▸ **Assignment**: Give again the entries below exactly, beginning at the first line and ending at the line with "Były snajper Radomiaka".

▸ **Recorded information**:

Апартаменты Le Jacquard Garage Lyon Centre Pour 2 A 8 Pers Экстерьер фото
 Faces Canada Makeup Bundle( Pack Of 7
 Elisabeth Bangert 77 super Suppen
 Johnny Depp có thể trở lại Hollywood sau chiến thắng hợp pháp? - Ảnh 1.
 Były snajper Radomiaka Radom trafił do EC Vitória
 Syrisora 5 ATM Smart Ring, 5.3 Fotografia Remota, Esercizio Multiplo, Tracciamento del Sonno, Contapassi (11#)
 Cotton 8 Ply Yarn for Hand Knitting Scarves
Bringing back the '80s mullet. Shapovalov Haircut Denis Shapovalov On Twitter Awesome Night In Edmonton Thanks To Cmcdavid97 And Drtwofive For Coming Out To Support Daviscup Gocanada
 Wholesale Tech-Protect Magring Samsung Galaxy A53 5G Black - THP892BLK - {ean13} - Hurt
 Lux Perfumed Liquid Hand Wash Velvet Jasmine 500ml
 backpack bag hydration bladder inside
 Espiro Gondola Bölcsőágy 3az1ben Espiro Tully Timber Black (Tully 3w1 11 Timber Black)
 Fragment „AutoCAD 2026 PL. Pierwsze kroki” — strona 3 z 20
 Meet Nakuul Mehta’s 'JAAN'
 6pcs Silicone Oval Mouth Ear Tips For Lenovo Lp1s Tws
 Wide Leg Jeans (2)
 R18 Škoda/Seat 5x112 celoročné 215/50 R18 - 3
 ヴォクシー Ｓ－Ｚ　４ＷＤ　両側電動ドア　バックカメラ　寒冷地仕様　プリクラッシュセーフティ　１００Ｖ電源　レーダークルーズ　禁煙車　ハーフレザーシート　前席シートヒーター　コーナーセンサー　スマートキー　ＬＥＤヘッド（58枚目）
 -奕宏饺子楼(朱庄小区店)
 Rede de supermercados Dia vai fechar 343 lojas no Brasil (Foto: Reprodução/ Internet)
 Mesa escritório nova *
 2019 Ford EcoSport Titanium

▸ **Response**:
Апартаменты Le Jacquard Garage Lyon Centre Pour 2 A 8 Pers Экстерьер фото
 Faces Canada Makeup Bundle( Pack Of 7
 Elisabeth Bangert 77 super Suppen
 Johnny Depp có thể trở lại Hollywood sau chiến thắng hợp pháp? - Ảnh 1.
 Były snajper Radomiaka Radom trafił do EC Vitória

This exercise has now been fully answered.